1) Go to Barnes and Noble (or get on Amazon) and look for your genre. Do the covers seem appropriate for the type of story you’ve written?
2) If so, pick up some of those books and read them. If you’re short on money, remember that many on-line booksellers have free reads. Some publishers, like Ellora’s Cave, do too. If you have an e-reader, you can download samples of lots of books to get a wider view of the genre. And many bookstores let you sit around and read their books all day.
(The reason I’m not mentioning the library here is that you’ll want to get the latest view of what’s happening. If you research online, check publication dates.)
3) Use your writing buddies. If you’re reading this article and you are not part of any writing group, in my opinion, you’re not ready to pitch to agents or submit your materials.
Writing and submitting with the help of other writers, rather than alone, is the difference between being raised by humans and being raised in the jungle by apes. Sure, Tarzan is hot, but can he tell a prologue from a preposition? Or a con artist from a reputable agent?
There are writer’s groups all over the world as well as on-line for all genres. Once you find a group, have several members who write what you write—or what you think you write—read your manuscript. Then ask them how they’d categorize it.
What if my story is a hybrid?
If you’ve done your research and you realize you have some sort of hybrid, don’t despair. While I don’t think “inspirotica” (inspirational erotica) will make a big splash any time soon, it’s possible that you’ve done something that’s been done successfully before, or you’ve managed to write the unimaginable hybrid very well.
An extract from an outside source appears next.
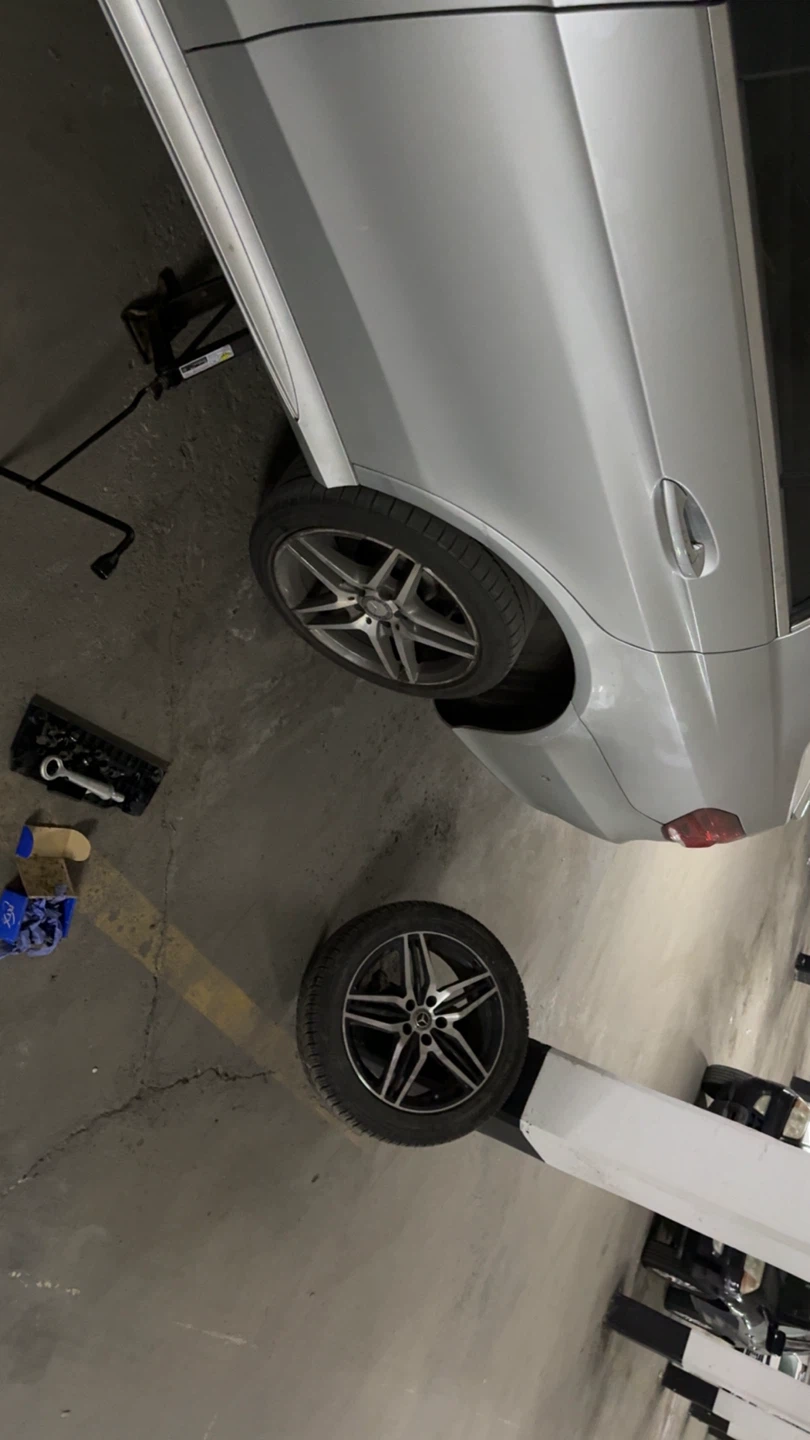 Set of Rims and Tires 245/40/18 - photo 4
I still remember how impressed I was with author Nina Bangs a few years ago. Although I’m not a big paranormal reader, I couldn’t resist buying a book that was described to me as a “futuristic historical Scottish paranormal.” The book was called Master of Ecstasy, and she really pulled it off. (Hat’s off to you, Nina.)
But I wouldn’t purposely try to go so far outside the box on your first try. Nina had a track record before she sprung Master of Ecstasy on her editors.
For now, it would just be nice to know whether you’re selling a paranormal suspense or a sci-fi thriller.